DIRECTIONS:
Down to the last line, set down the material below exactly, excluding pictures.

GIVEN DATA:
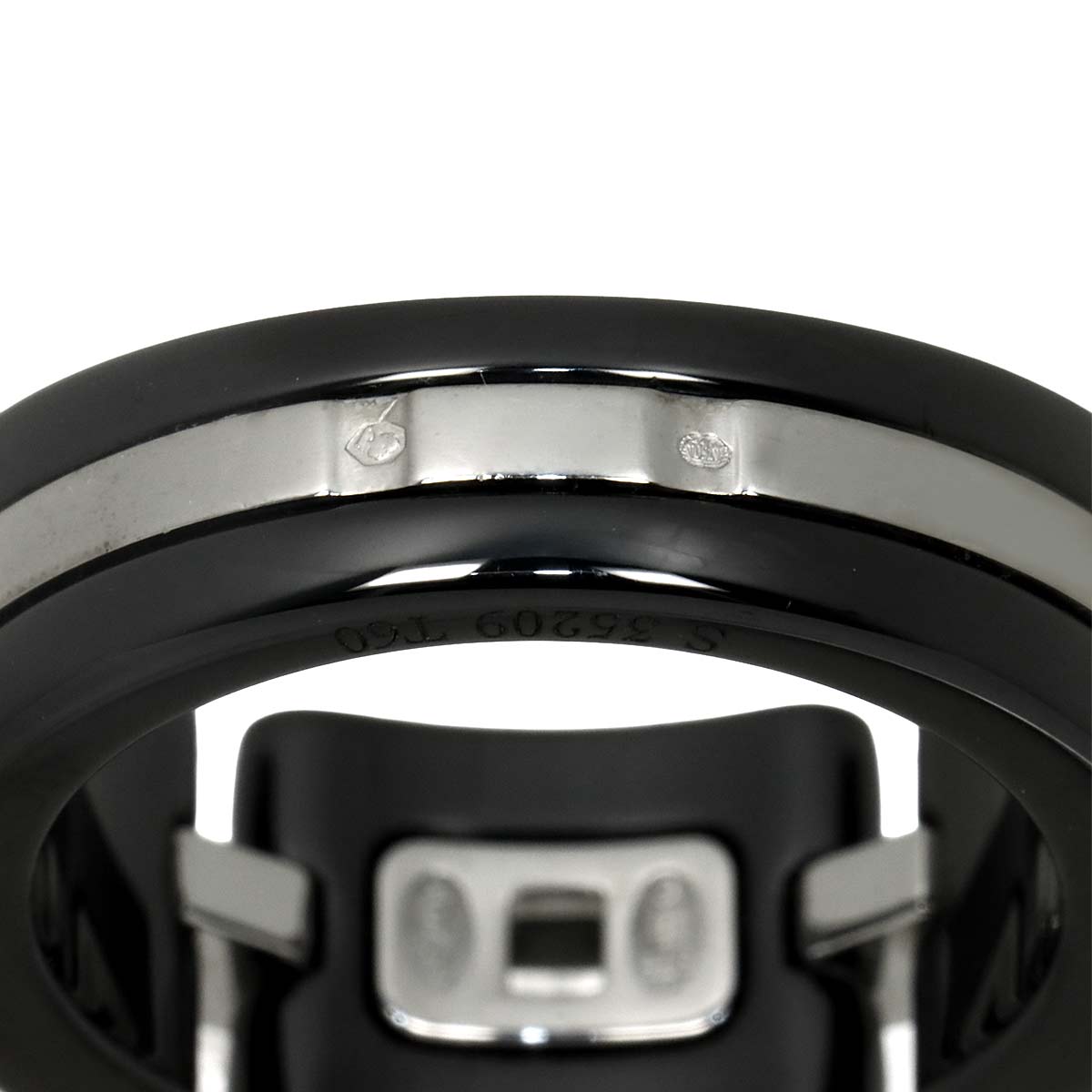 ULTRA Ring Black Ceramic 18K WG 750 Size60 8.75(US)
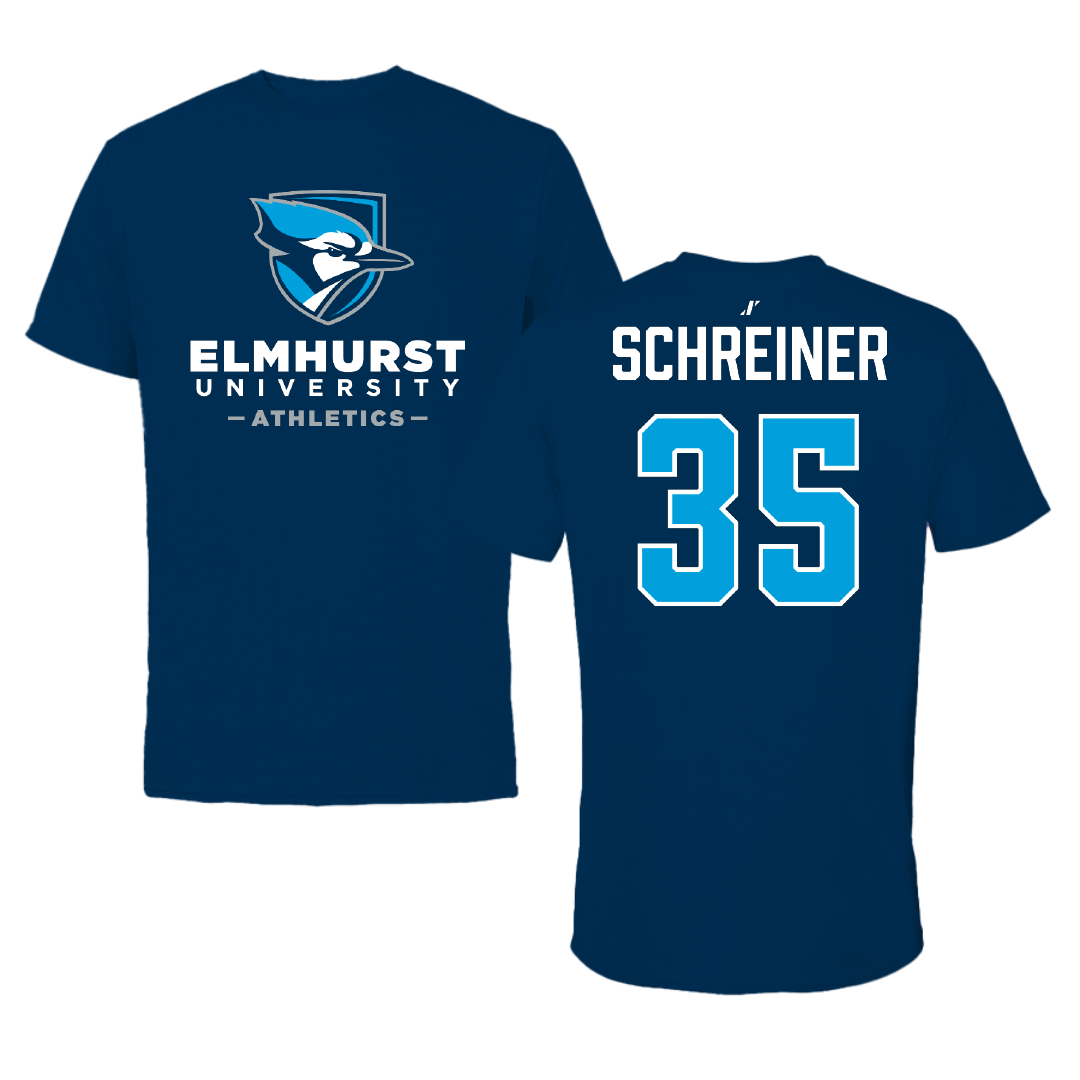 Elmhurst University Soccer Navy Performance Tee - #35 Nicole Schreiner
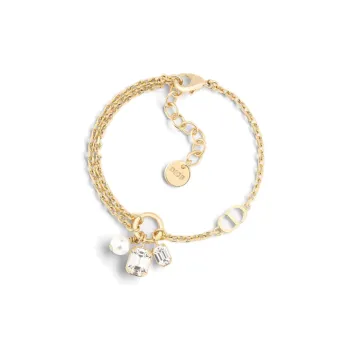 DIOR Metal Resin Pearl Crystal Bracelets Women's Gold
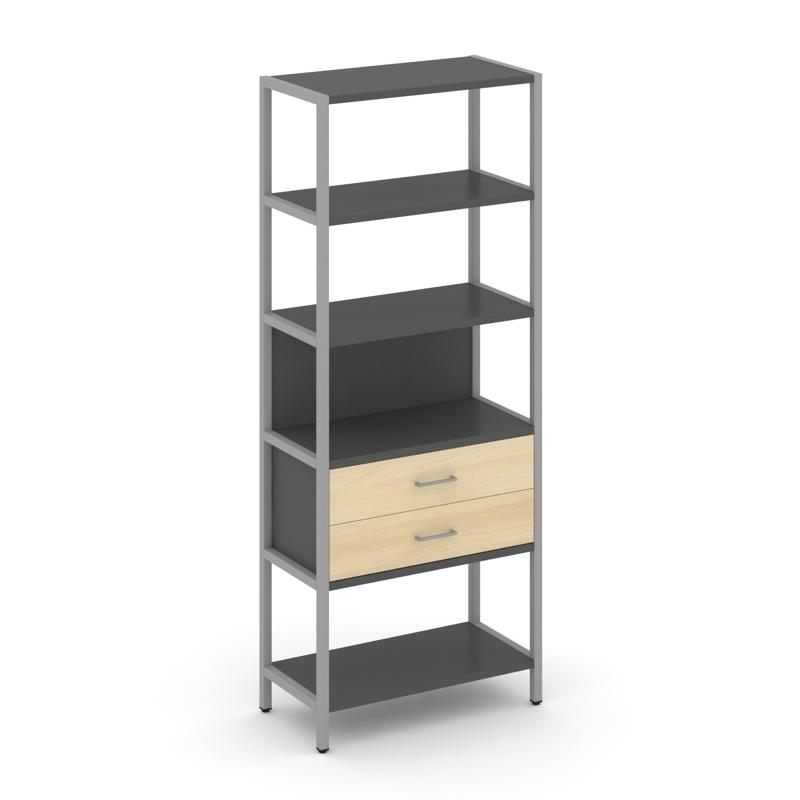 Shelf System Односекционный стеллаж пятиярусный с ящиками SN.STM-512 Антрацит/Акация Лорка/Металл Се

SOLUTION TO THIS EXERCISE:
 ULTRA Ring Black Ceramic 18K WG 750 Size60 8.75(US)
 Elmhurst University Soccer Navy Performance Tee - #35 Nicole Schreiner
 DIOR Metal Resin Pearl Crystal Bracelets Women's Gold
 Shelf System Односекционный стеллаж пятиярусный с ящиками SN.STM-512 Антрацит/Акация Лорка/Металл Се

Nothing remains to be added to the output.